Type out the lines below exactly, pictures excluded.

- _GIVEN DATA_
━━━━━━━━━━━━━━━━━━━━
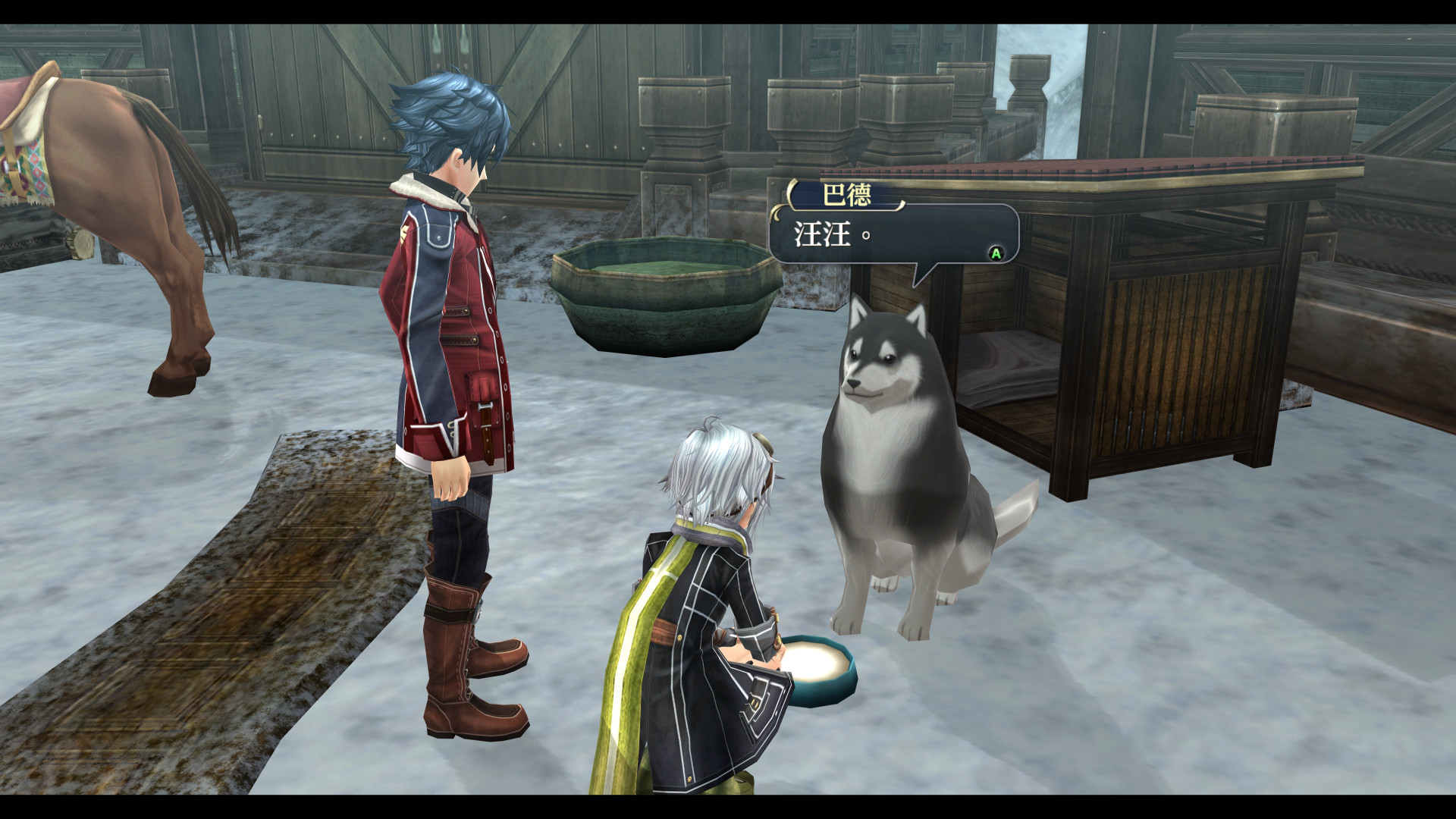 The Legend of Heroes: Sen no Kiseki II KAI -The Erebonian Civil War- screenshot 5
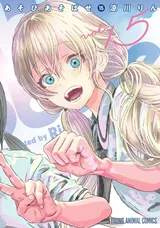 Asobi Asobaseの漫画表紙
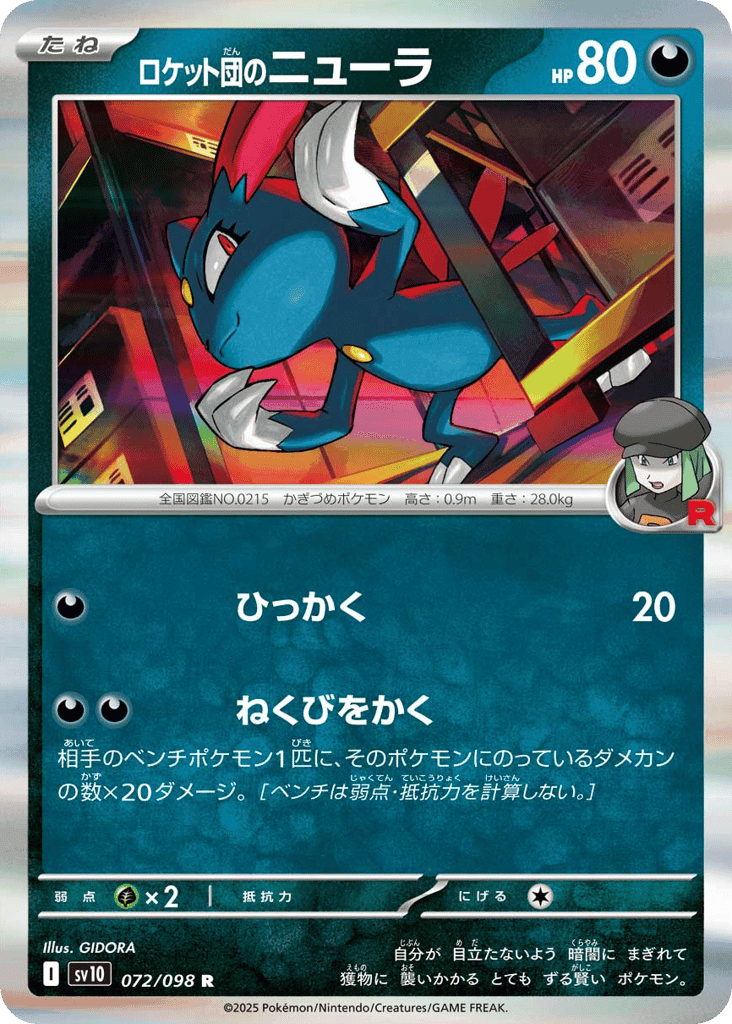 Team Rocket's Sneasel 72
━━━━━━━━━━━━━━━━━━━━
- _WRITTEN RESPONSE_
 The Legend of Heroes: Sen no Kiseki II KAI -The Erebonian Civil War- screenshot 5
 Asobi Asobaseの漫画表紙
 Team Rocket's Sneasel 72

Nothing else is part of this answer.